# Continuous Normalizing Flows with GalacticOptim.jl

Now, we study a single layer neural network that can estimate the density `p_x`

of a variable of interest `x`

by re-parameterizing a base variable `z`

with known density `p_z`

through the Neural Network model passed to the layer.

## Copy-Pasteable Code

Before getting to the explanation, here's some code to start with.
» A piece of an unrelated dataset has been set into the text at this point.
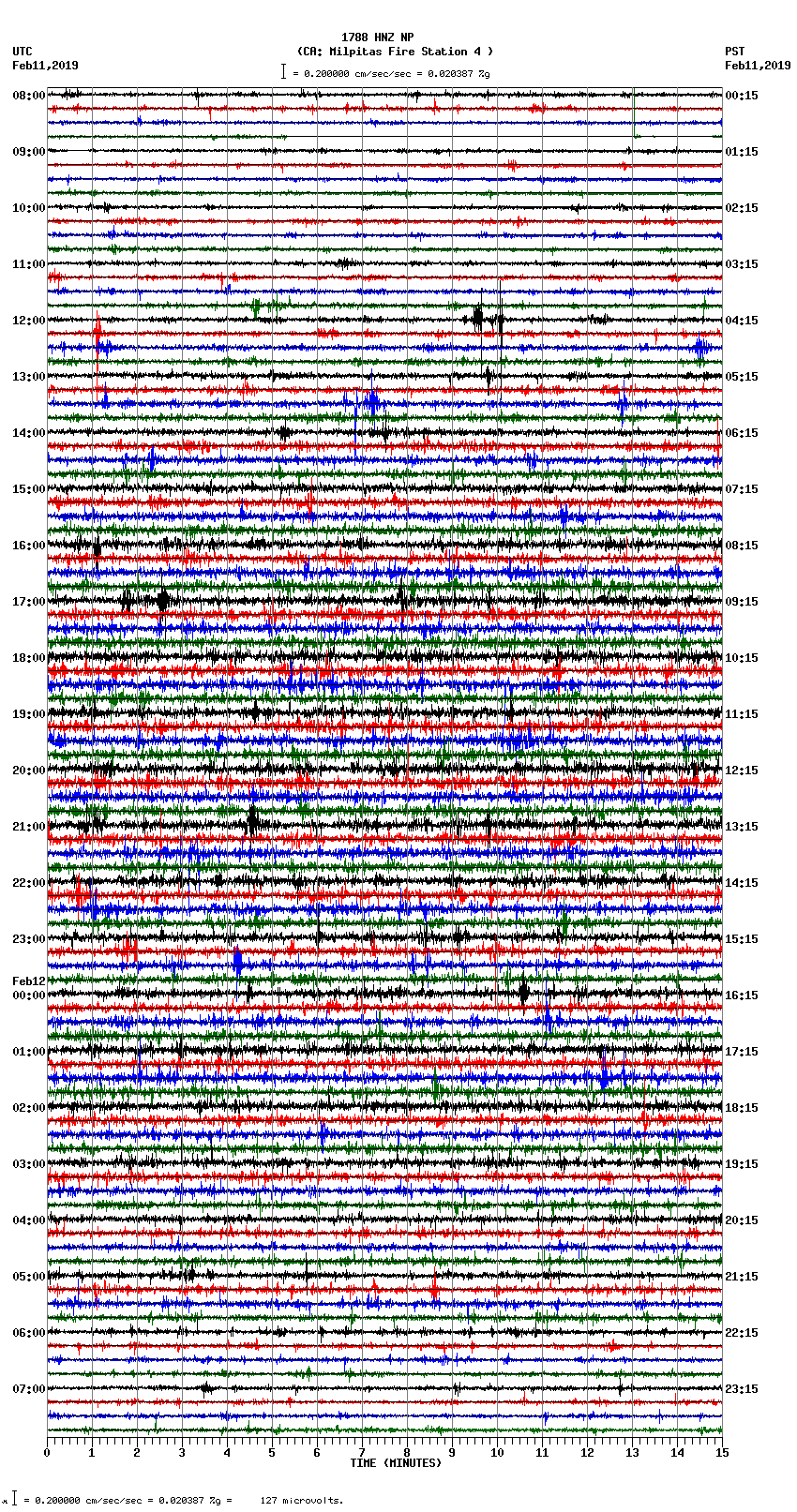 seismogram plot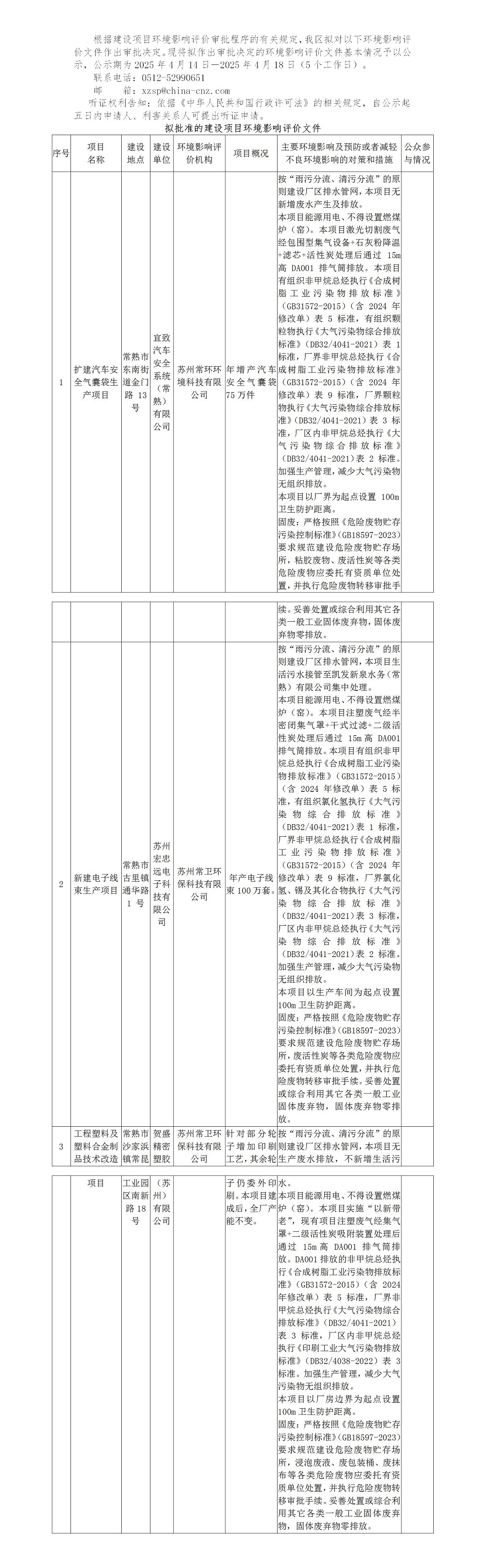 2025年4月14日常熟高新技术产业开发区关于拟作出审批决定的环境影响评价文件公示（宜致、宏忠远、贺盛）_01.jpg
We will follow a full explanation of the definition and training process:

```
using DiffEqFlux, DifferentialEquations, Distributions, GalacticOptim
nn = Chain(Dense(1, 3, tanh), Dense(3, 1, tanh))
tspan = (0.0f0,10.0f0)
ffjord_test = FFJORD(nn,tspan, Tsit5())
data_train = Float32.(rand(Normal(6.0,0.7), 1, 100))
function loss_adjoint(θ)
logpx = ffjord_test(data_train,θ)[1]
loss = -mean(logpx)
end
adtype = GalacticOptim.AutoZygote()
optf = GalacticOptim.OptimizationFunction((x, p) -> loss_adjoint(x), adtype)
optfunc = GalacticOptim.instantiate_function(optf, ffjord_test.p, adtype, nothing)
optprob = GalacticOptim.OptimizationProblem(optfunc, ffjord_test.p)
res1 = GalacticOptim.solve(optprob,
ADAM(0.1),
maxiters = 100)
# Retrain using the LBFGS optimizer
optprob2 = remake(optprob,u0 = res1.u)
res2 = GalacticOptim.solve(optprob2,
LBFGS(),
allow_f_increases = false)
```

We can use DiffEqFlux.jl to define, train and output the densities computed by CNF layers. In the same way as a neural ODE, the layer takes a neural network that defines its derivative function (see [1] for a reference). A possible way to define a CNF layer, would be:

```
using DiffEqFlux, DifferentialEquations, Distributions, GalacticOptim
nn = Chain(Dense(1, 3, tanh), Dense(3, 1, tanh))
tspan = (0.0f0,10.0f0)
ffjord_test = FFJORD(nn,tspan, Tsit5())
```

where we also pass as an input the desired timespan for which the differential equation that defines `log p_x`

and `z(t)`

will be solved.

### Training a CNF layer

First, let's get an array from a normal distribution as the training data

`data_train = Float32.(rand(Normal(6.0,0.7), 1, 100))`

Now we define a loss function that we wish to minimize

```
function loss_adjoint(θ)
logpx = ffjord_test(data_train,θ)[1]
loss = -mean(logpx)
end
```

In this example, we wish to choose the parameters of the network such that the likelihood of the re-parameterized variable is maximized. Other loss functions may be used depending on the application. Furthermore, the CNF layer gives the log of the density of the variable x, as one may guess from the code above.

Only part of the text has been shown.